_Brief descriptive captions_
▼

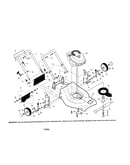 Engine/housing/handle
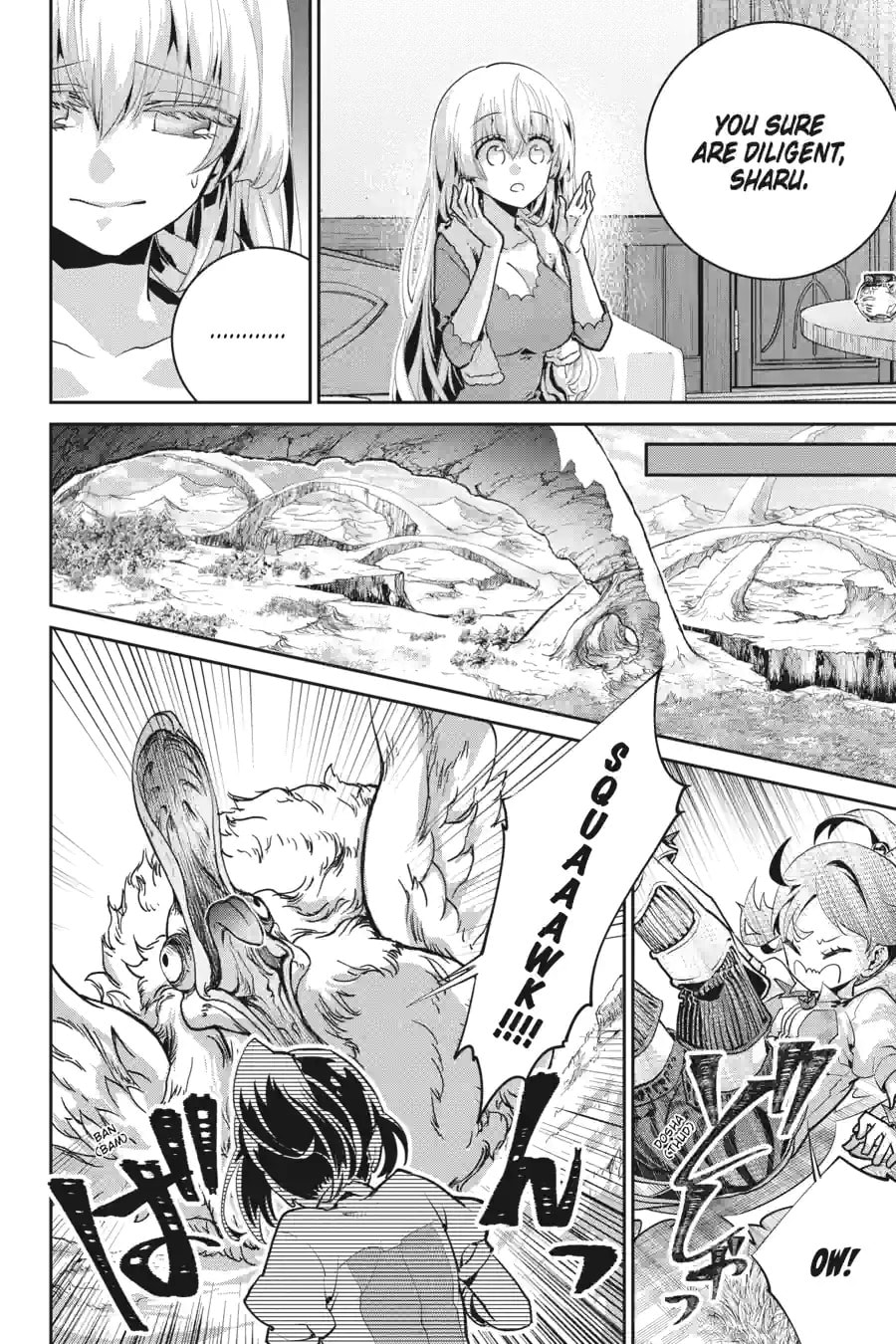 Read Final Fantasy Lost Stranger chapter 23.1 image 9 on Lezhin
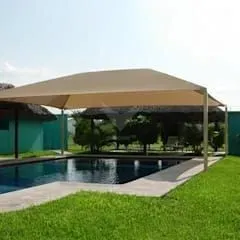 مظلات تغطية مسابح بالجنوب وابها حماية كاملة من الشمس والغبار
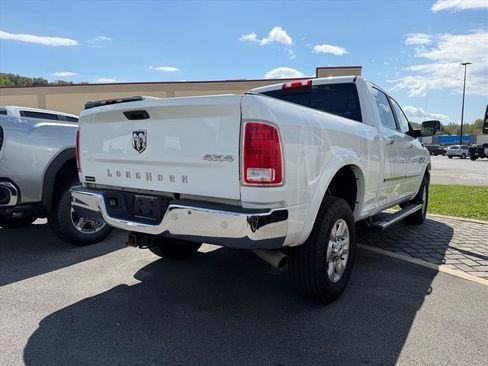 Used 2018 RAM 2500 Longhorn w/ Longhorn Southfork Package AWD/4WD image 5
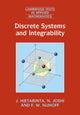 Book cover of: Discrete Systems and Integrability. By: J. Hietarinta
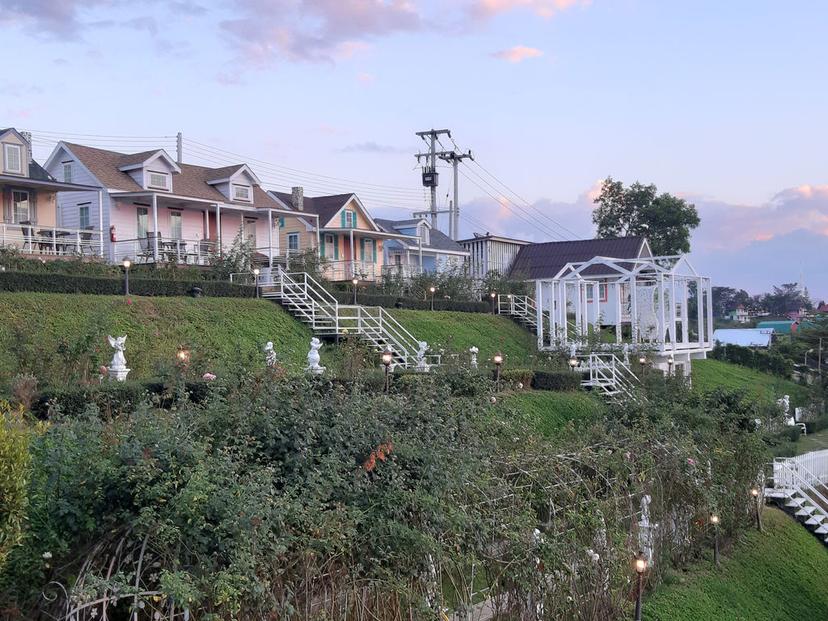 Vin view English rose garden Resort Khaokho Vin view Rose Garden Resort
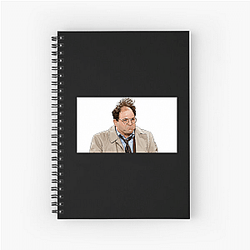 George Costanza Master Of Lies George Costanza Notebook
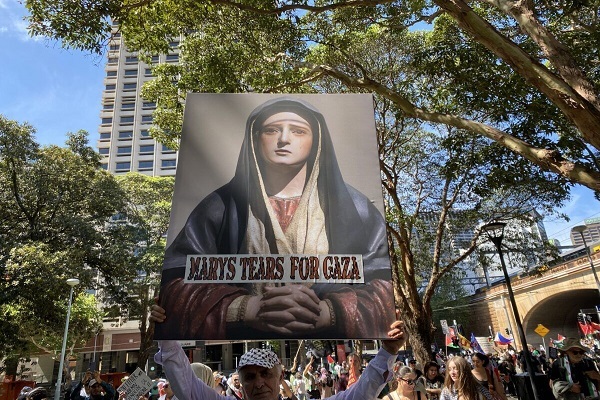 لغو جشنهای کریسمس حامیان فلسطین در جهان برای غزه لغو جشنهای کریسمس حامیان فلسطین در جهان برای غزه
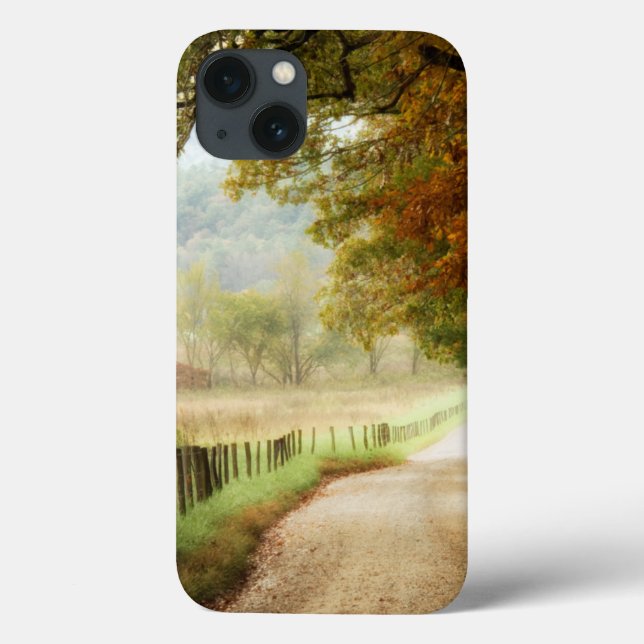 Coques Case-Mate iPhone Autumn on a Country Road (Verso)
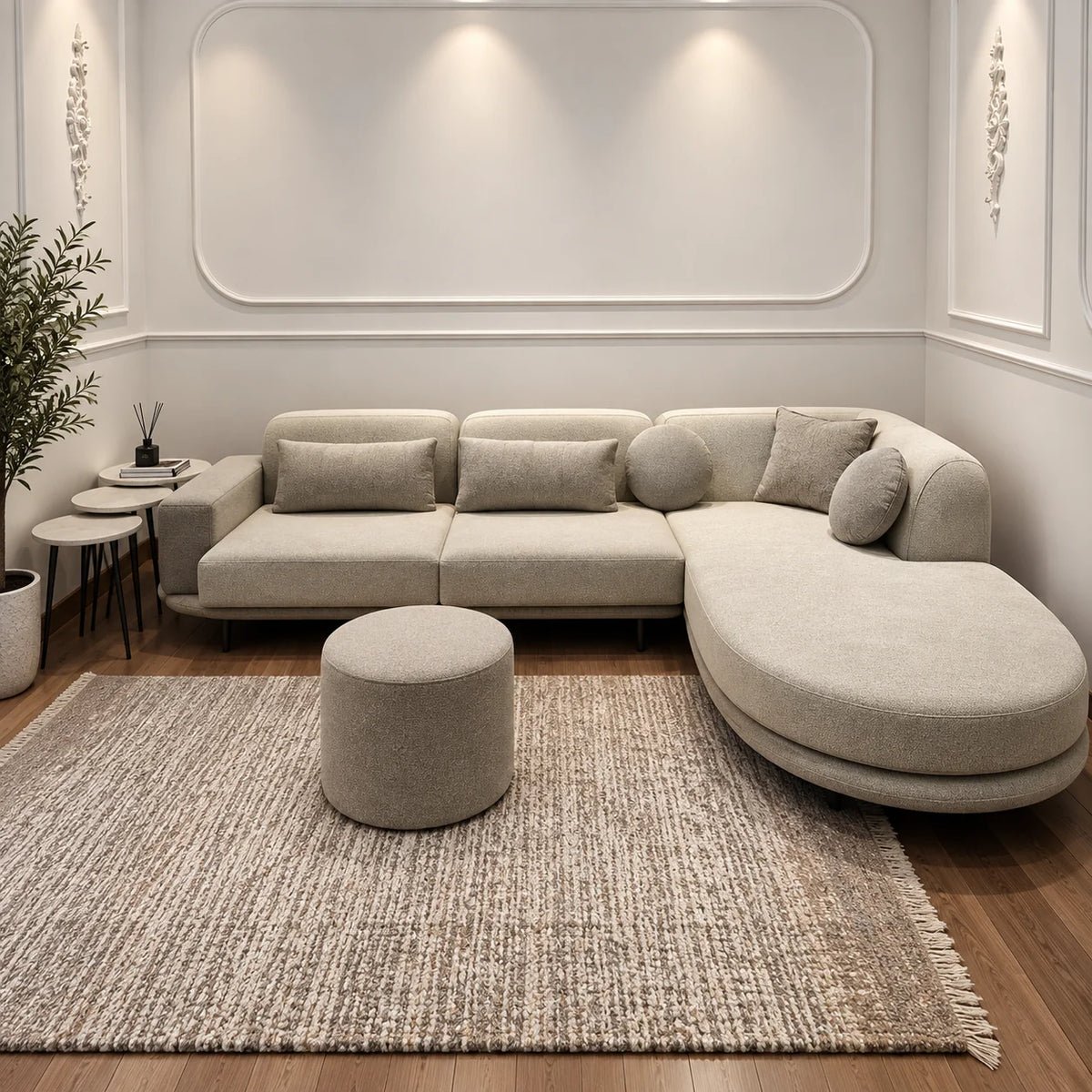 Varenna L Shape Sofa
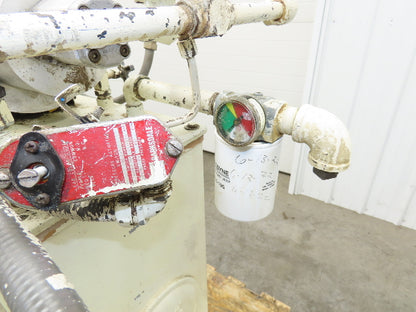 Bucher AP100/6.5 Hydraulic Power Unit 3 GPM 25Gal 3000PSI 5Hp 230/460VAC 3Ph
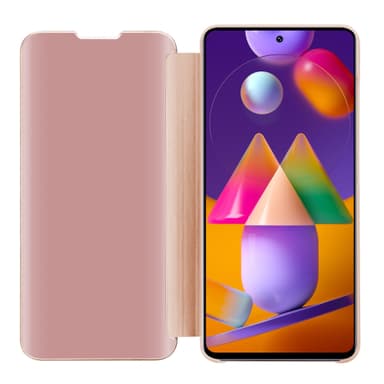 Samsung Galaxy M31s Plånboksfodral Skal (Rosa)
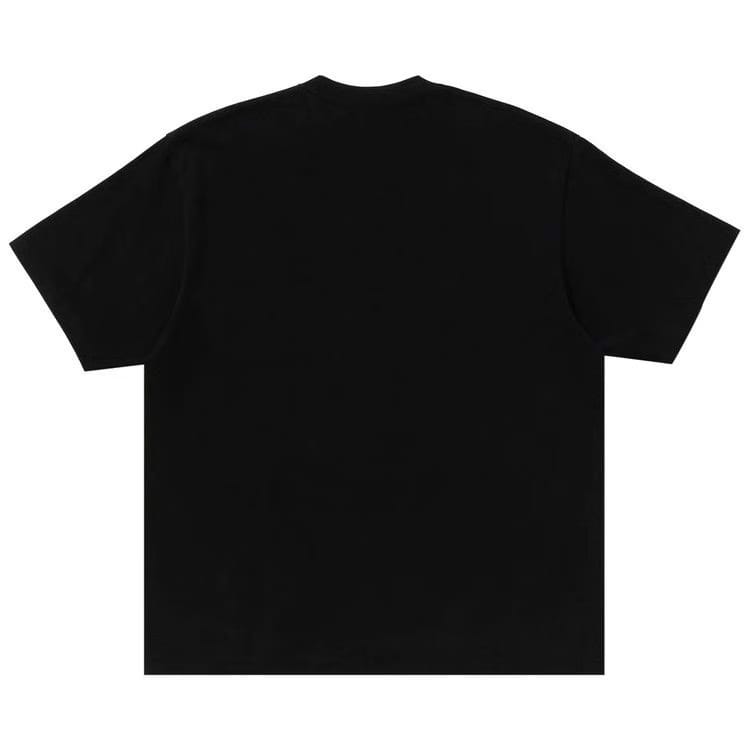 BAPE Blur Logo Relaxed Fit T-Shirt Black
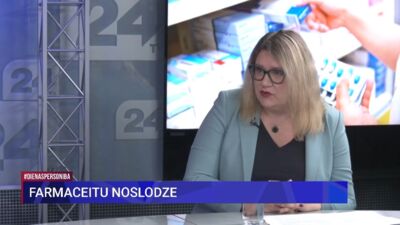 Jučkoviča: Iedzīvotāji uzskata par pieejamāko veselības aprūpes speciālistu - farmaceitu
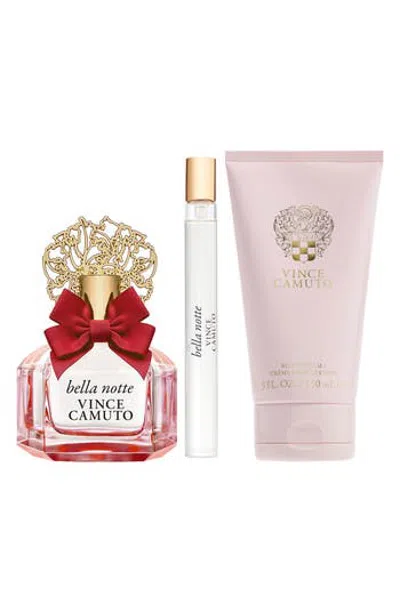 Vince Camuto Bella Notte Eau De Parfum 3-piece Set In No Color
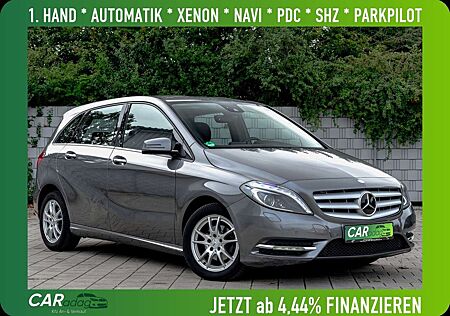 Mercedes-Benz B 180 W246 B180 CDI*1.HAND*PARKPILOT*NAVI*XENON*AHK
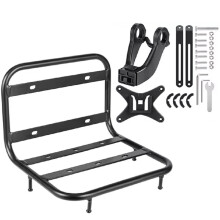 NEWBOLER MTB Fahrrad-Frontgepäckträger, Packtaschen, Ablagefach, Halterung für Fahrradzubehör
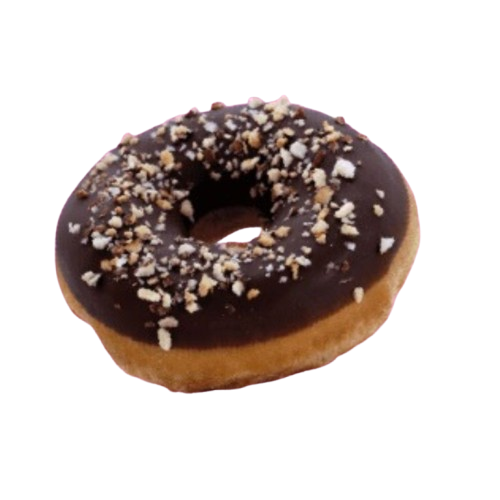 Donut Cobertura Chocolate 56g 1 Caja 36 Unidades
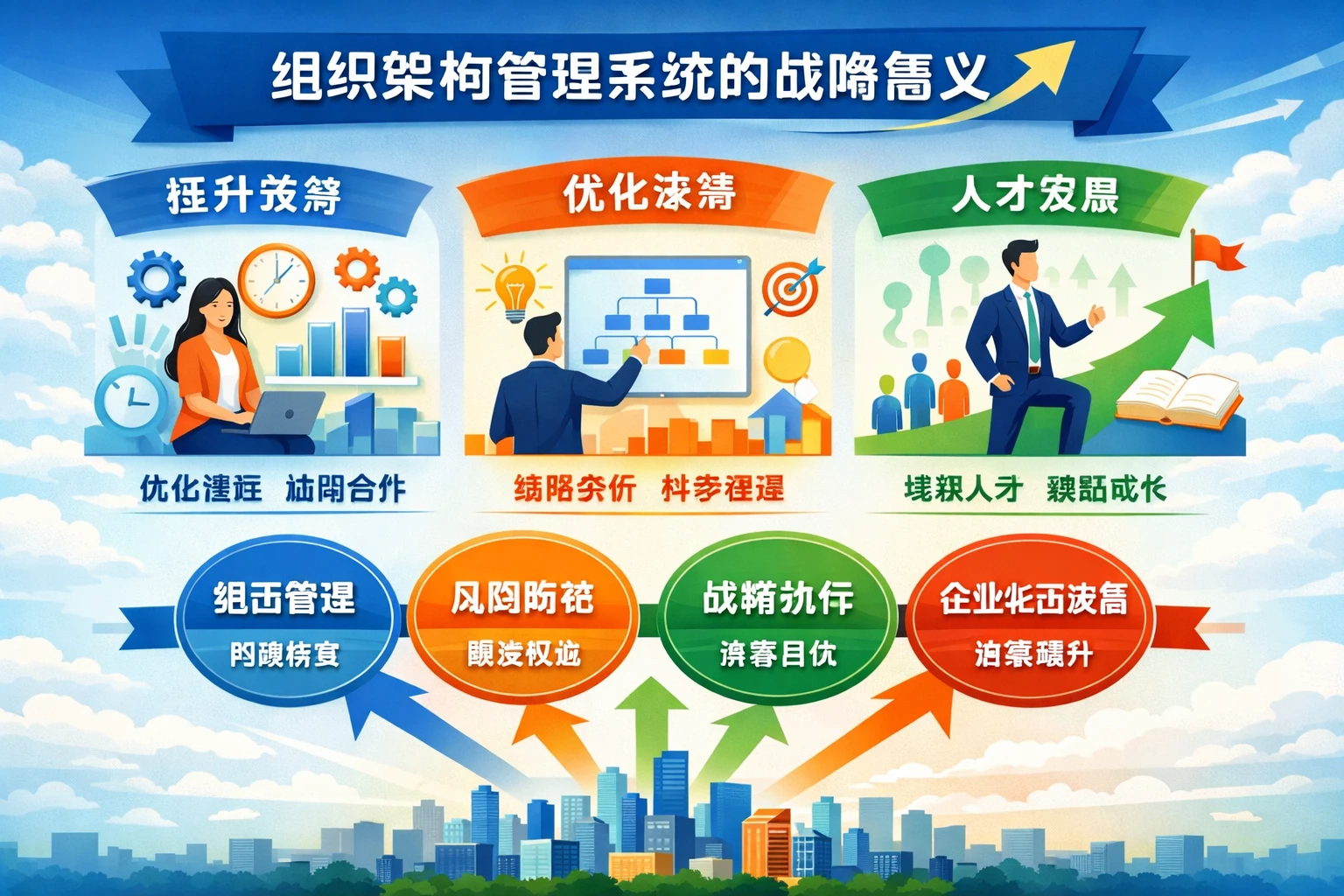 组织架构管理系统的战略意义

▲

_What you will do_
Although the records above include pictures, the copy must contain only their exact text.

_Answer for the task_
 Engine/housing/handle
 Read Final Fantasy Lost Stranger chapter 23.1 image 9 on Lezhin
 مظلات تغطية مسابح بالجنوب وابها حماية كاملة من الشمس والغبار
 Used 2018 RAM 2500 Longhorn w/ Longhorn Southfork Package AWD/4WD image 5
 Book cover of: Discrete Systems and Integrability. By: J. Hietarinta
 Vin view English rose garden Resort Khaokho Vin view Rose Garden Resort
 George Costanza Master Of Lies George Costanza Notebook
 لغو جشنهای کریسمس حامیان فلسطین در جهان برای غزه لغو جشنهای کریسمس حامیان فلسطین در جهان برای غزه
 Coques Case-Mate iPhone Autumn on a Country Road (Verso)
 Varenna L Shape Sofa
 Bucher AP100/6.5 Hydraulic Power Unit 3 GPM 25Gal 3000PSI 5Hp 230/460VAC 3Ph
 Samsung Galaxy M31s Plånboksfodral Skal (Rosa)
 BAPE Blur Logo Relaxed Fit T-Shirt Black
 Jučkoviča: Iedzīvotāji uzskata par pieejamāko veselības aprūpes speciālistu - farmaceitu
 Vince Camuto Bella Notte Eau De Parfum 3-piece Set In No Color
 Mercedes-Benz B 180 W246 B180 CDI*1.HAND*PARKPILOT*NAVI*XENON*AHK
 NEWBOLER MTB Fahrrad-Frontgepäckträger, Packtaschen, Ablagefach, Halterung für Fahrradzubehör
 Donut Cobertura Chocolate 56g 1 Caja 36 Unidades
 组织架构管理系统的战略意义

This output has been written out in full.